La pagina del Vangelo proclamata oggi ci invita a ripensare con coraggio su cosa costruiamo oggi le nostre relazioni personali, familiari, ecclesiali, sociali. Non ci troviamo alla fine del mondo. Ci troviamo, piuttosto, ad un passaggio di una storia che ha ancora un lungo cammino di fronte a sé. Il domani, dunque, che pure ci sarà, dipenderà dalla novità delle relazioni che iniziamo a costruire ora. La morte, ogni morte, non è vinta semplicemente dalla Vita, ma dall’Amore. Sarebbe riduttivo leggere questo momento di limitazioni, questa battaglia comune solo come tentativo di salvare le nostre vite. Questa è una battaglia che prima o poi perderemo. Siamo piuttosto chiamati ad impegnarci per creare un nuovo mondo, che ha nel Risorto il suo invincibile inizio e nell’amore gratuito e libero il suo modello. In altre parole, sapremo creare un mondo nuovo nella misura in cui l’Eucarestia davvero darà forma alle nostre comunità, nello spezzare il pane innanzitutto; e poi nel far nascere relazioni fondate sull'interesse per la persona, sulla giustizia, su modelli sociali inclusivi e non esclusivi, su forme di sviluppo equilibrate e attente al bene comune.
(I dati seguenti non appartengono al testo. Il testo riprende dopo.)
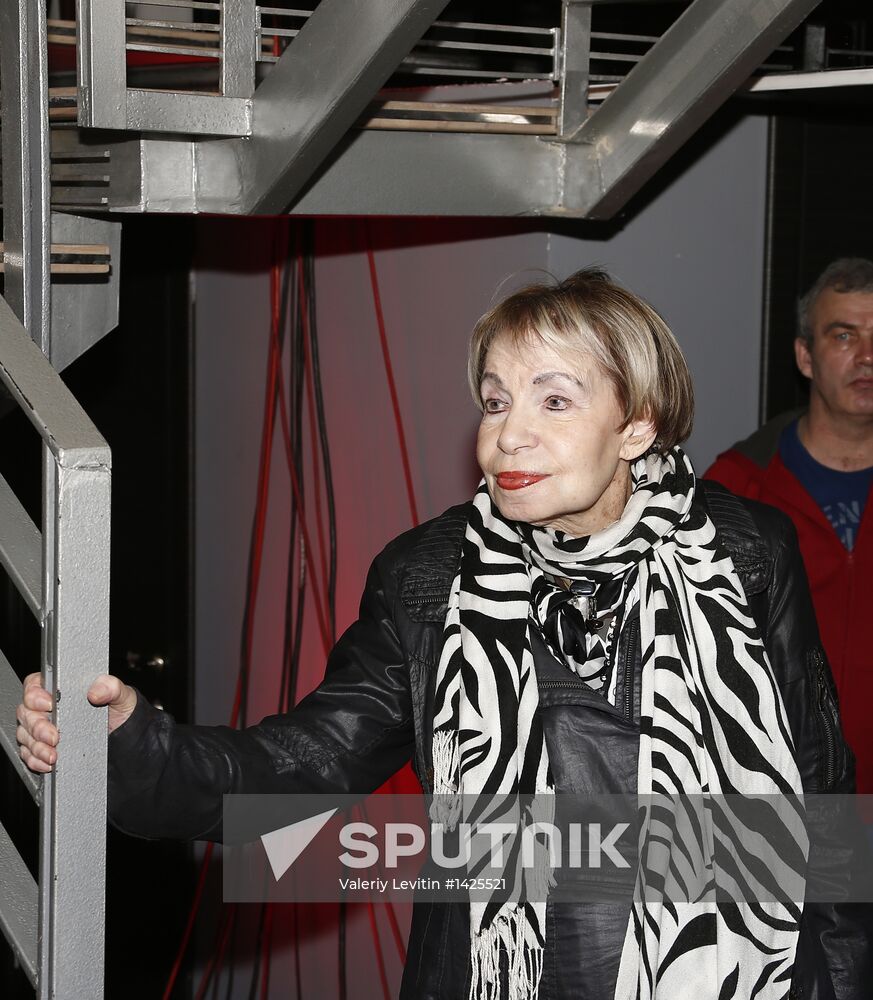 "Newsical" Gospodin Khoroshy airs on Dozhd Internet TV channel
Non sappiamo cosa e chi incontreremo in questo cammino e dove, nella nostra vita, ci porterà questa strada indicata da Gesù. Ma si potrà essere certi che nessun “dove”, nessun luogo in cui la vita ci condurrà, sarà più “fuori”, inutile, lontano da Dio, se accoglieremo la consegna che oggi Gesù ci fa: “anche voi dovete lavare i piedi gli uni agli altri” (13,14). “…che vi amiate gli uni gli altri” (15,17). Ogni cosa, ogni esperienza vissuta in questo modo diventerà un ritorno al Padre.

Prima della lavanda dei piedi, Gesù aveva affermato che nessuno poteva ancora seguirlo. Ma dopo aver mostrato come si ama, Gesù può affermare: “Ora conoscete la via” (14,4).

Anche noi, oggi, riprendiamo un cammino, e di questo cammino ora conosciamo la via.